Currently I have my Warrior sitting at 60 and he is my only viably geared character for doing big kid stuff.  Then you have my Dragoon that I also leveled to 60, but promptly abandoned because playing that class in Heavensward was just so much less enjoyable for me than it was in ARR.  When I was last furiously playing the game I was working on my Bard, which had become my defacto dps class for awhile and I managed to get it up to 55.  Then we drop down to my 50s which are Paladin that I have not touched since Heavensward because I simply don’t really like playing a Paladin tank.  We have my newly raised trio of casters in the form of the Scholar, Summoner and Black Mage all sitting at 50.  Then we drop down to some 30 somethings with Ninja at 38, Monk at 33, and Dark Knight at 33.  I have yet to even pick up the quest to be a Machinist or an Astrologian but at some point I probably need to do that so that I can weave those into the rotation as well.  Now I am sort of torn as to what I should pick to level next, but for the moment I am leaning towards either the Dark Knight because I miss playing heavy armor classes… or the Ninja because they are just really fun to play.

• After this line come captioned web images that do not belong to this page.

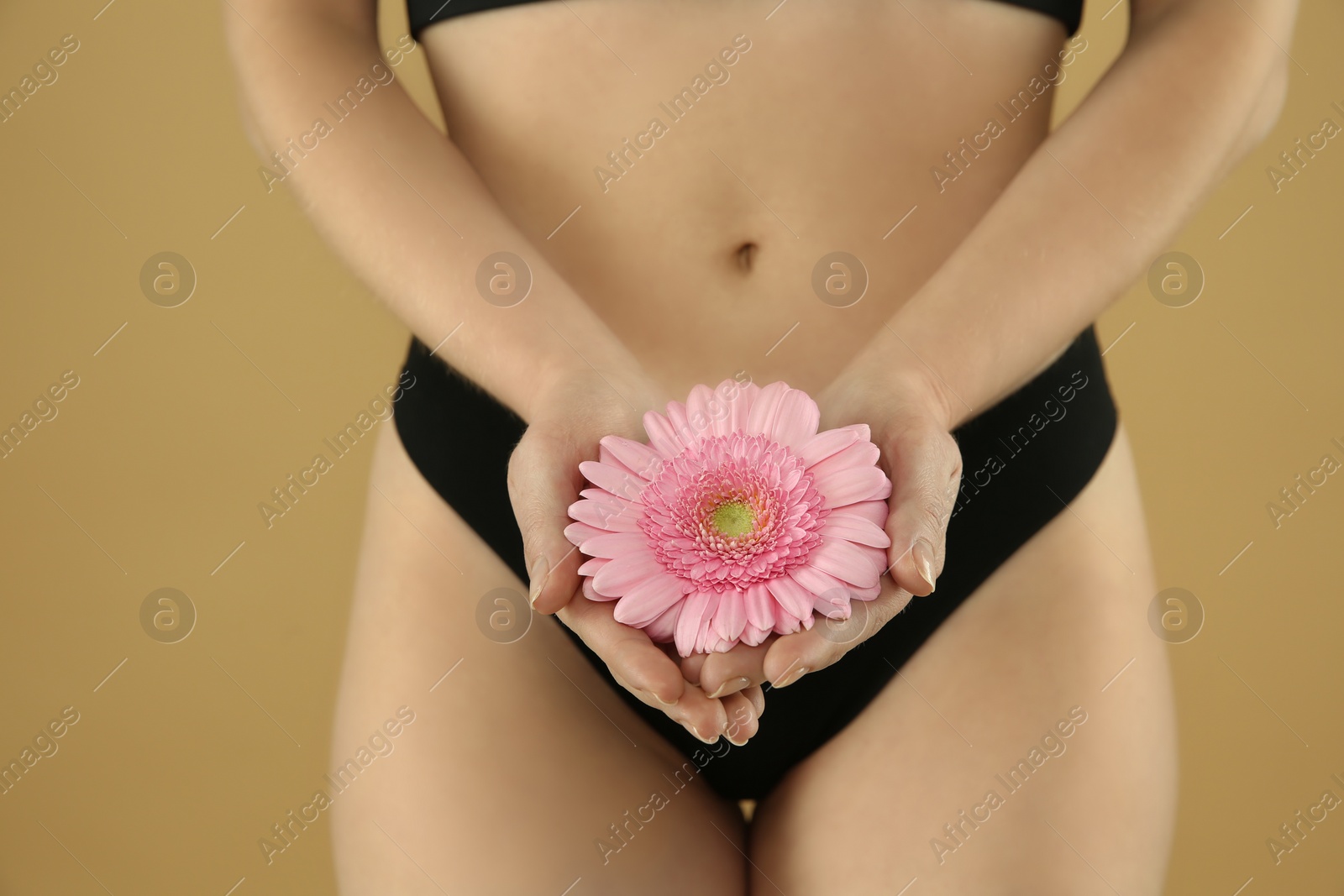 Photo of Gynecology. Woman in underwear with gerbera flower on beige background, closeup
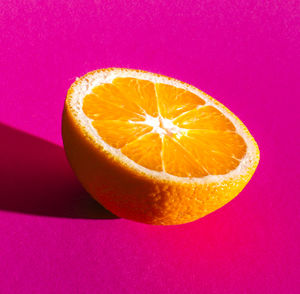Close-up of apple against pink background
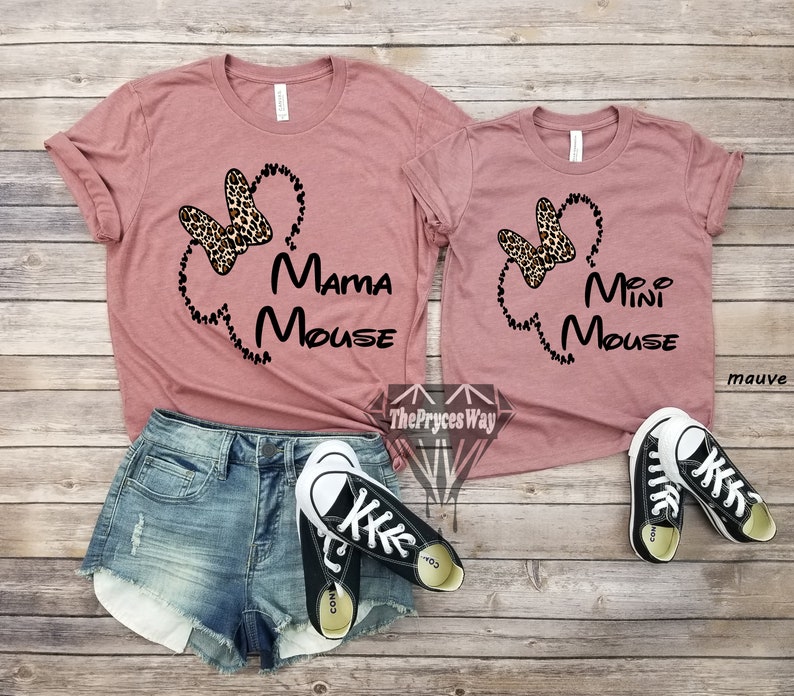 May include: Two mauve t-shirts with a black outline of Mickey Mouse's head and ears. The larger shirt says "Mama Mouse" and the smaller shirt says "Mini Mouse". Both shirts feature a leopard print bow.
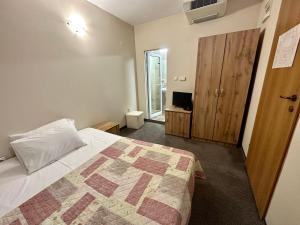 ein Schlafzimmer mit einem Bett und einem Fernseher darin in der Unterkunft Julia rooms in Sofia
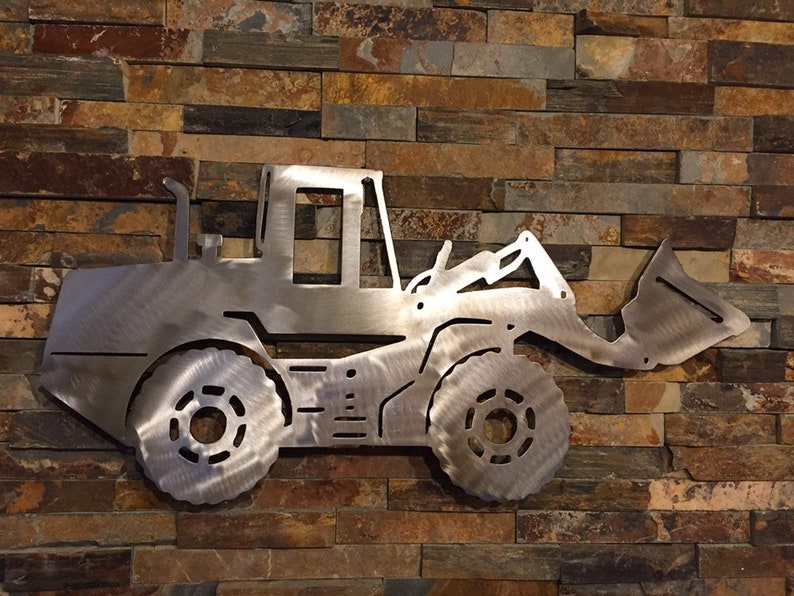 May include: A metal silhouette of a front loader excavator, painted in a silver finish, mounted on a brick wall.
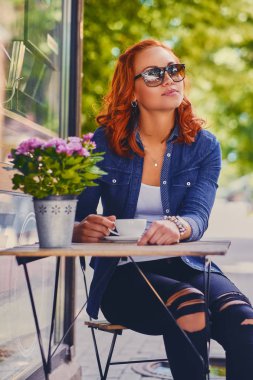 Kızıl saçlı kadın bir kafede kahve içer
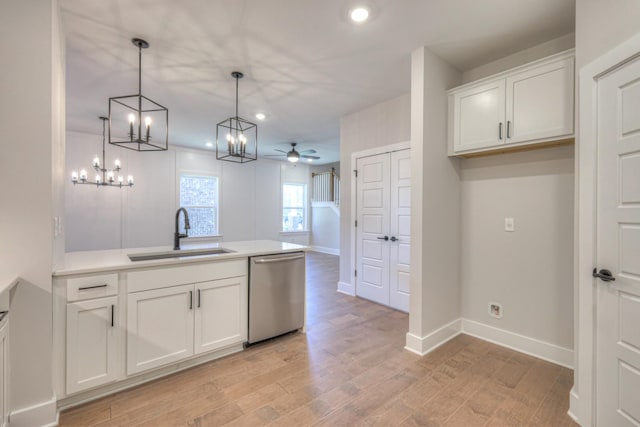 kitchen with hanging light fixtures, white cabinetry, sink, and stainless steel dishwasher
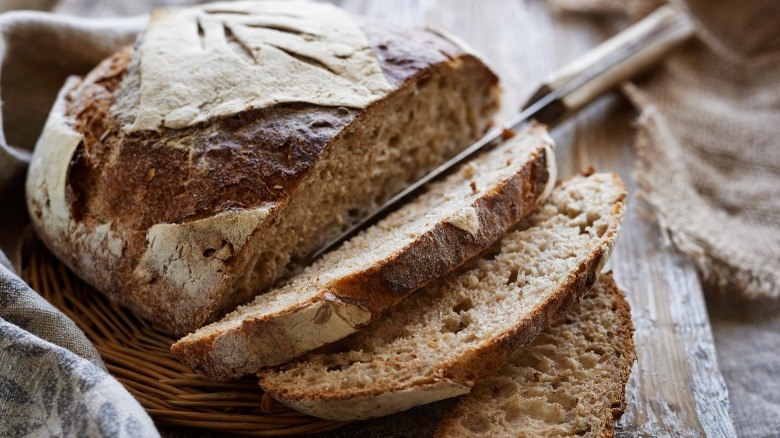 whole-wheat sourdough bread with knife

The other set of goals that is staring me in the face is that when I last left my crafting… I had managed to push everything up to 21… with mining and foraging sitting at 50.  At some point I really want to start this grind again and push everything up to at least the point where I can make glamour prisms.  In theory I should be doing my beast tribe dailies to use those to level my crafting, but I just haven’t reached a point of getting back into the game enough to sort everything out to be able to do that.  Once I finished with the Sahagin I sort of let the beast tribe thing die once again…  but in theory should be doing the Ixal at least for crafting levels.  Whatever the case it seems like I have been assimilated back into Final Fantasy XIV, and have more goals than I can realistically accomplish.  My Warrior gear could also always be improved, but I am just finding PotD a relaxing way to spend my evenings…  but sadly one that is not terribly interesting to write blog posts about.